Why so many DB hits?

I have a cypher query:

MATCH (x:My_Label)
where x.DateProperty.epochMillis <= 1679443200000
RETURN count(x)
  • There are approximately 7M nodes in my DB.
  • My_Label refers to approximately 500k nodes.
  • Of the 500k nodes, about 45k match the where clause.
  • The query takes about 10 seconds to run from cold and about 4 seconds on reruns.
  • The query planner shows 500k db hits for stage 1 of the query (NodeByLabelScan), but then shows 28M db hits for stage 2 (Filter).
  • The server has 128gb of RAM and only runs Neo.
  • The server is not under any particular load.
  • Each node has a few small properties on it.

So here are my questions:

  1. With all that free RAM, I'd expect the initial result set of 500k nodes to be loaded into memory. Is this the case? If not, why not?
  2. Why are we seeing 28M db hits for a filter on a single property? If we have a 500k node dataset and we need to compare a property on each of those nodes, surely that's only 1M db hits.
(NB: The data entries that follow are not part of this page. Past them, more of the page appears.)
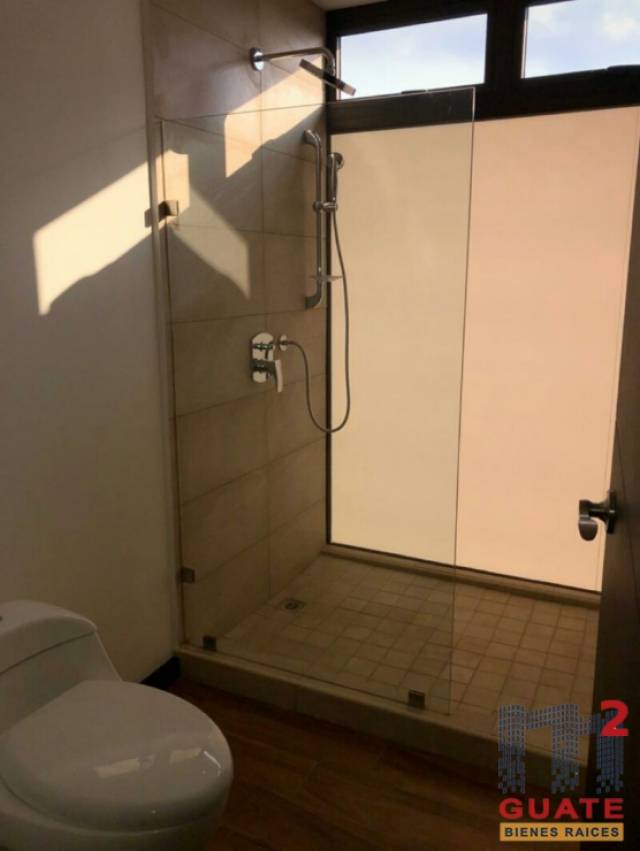Apartamento de 115 m2 de construcción en Venta, Zona 15 - Image 2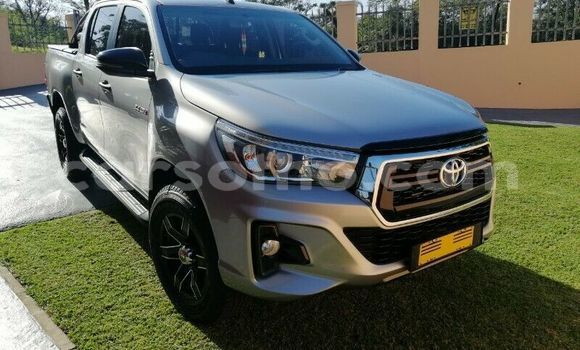 اشتري مستعمل Toyota Hilux Silver سيارة في Butha–Buthe في Thaba-Tseka اشتري مستعمل Toyota Hilux Silver سيارة في Butha–Buthe في Thaba-Tseka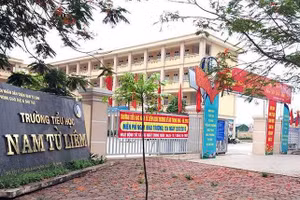 Một học sinh lớp 4 ở Hà Nội bị bỏ quên trên xe đưa đón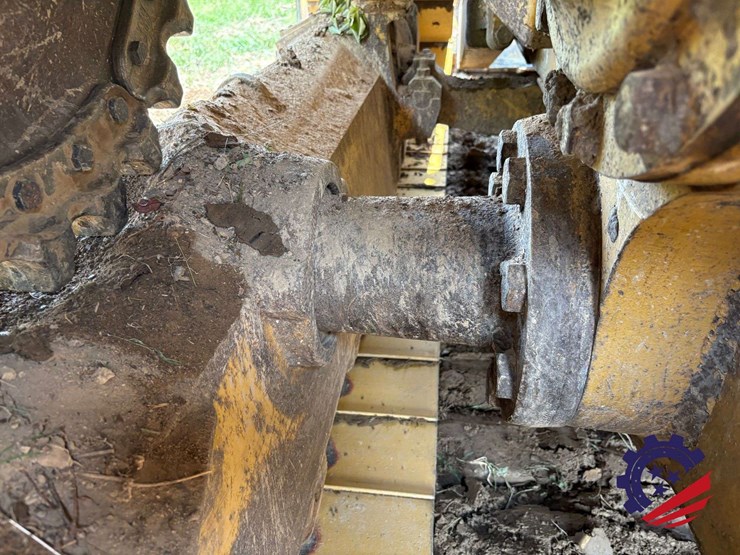 2015-caterpillar-d6t-lgp-image-44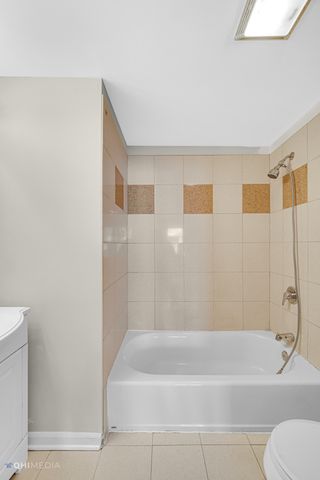 2316 W ROSEMONT Avenue 3, Chicago, IL 60659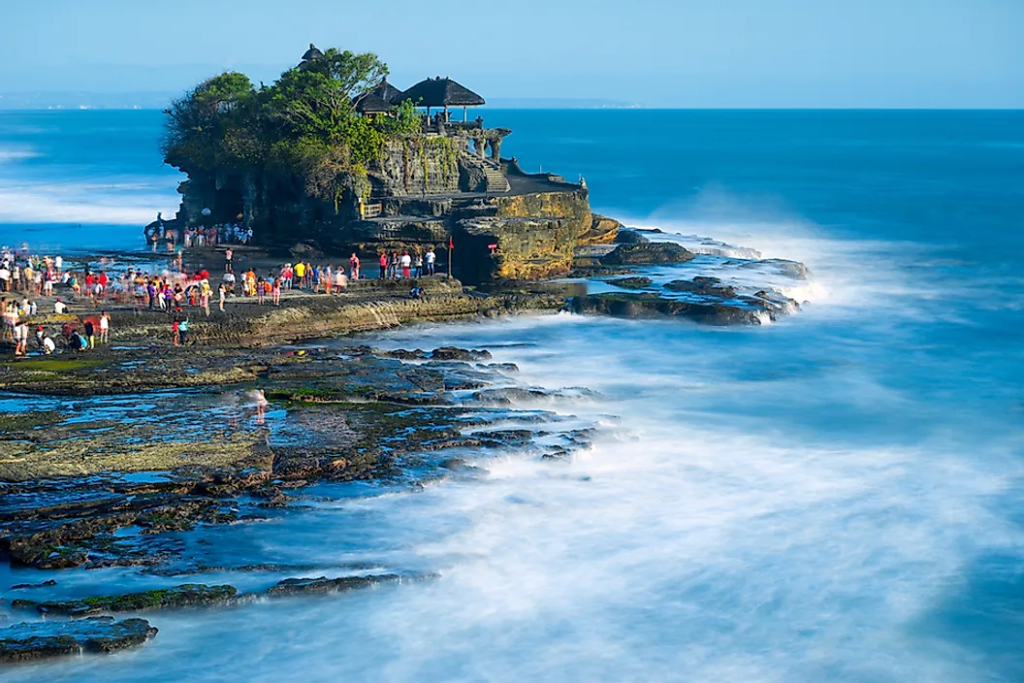 tanah lot temple bali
I've redacted and altered a couple of bits of info from the plan, but this is essentially what I'm seeing:

Help plix?

Do you have an index on the date property? That will improve range comparisons on large datasets like this:

CREATE RANGE INDEX FOR (t:My_Label) ON t.DateProperty

Thanks. I'll try this, but I still don't get why I'm seeing circa 30M db hits.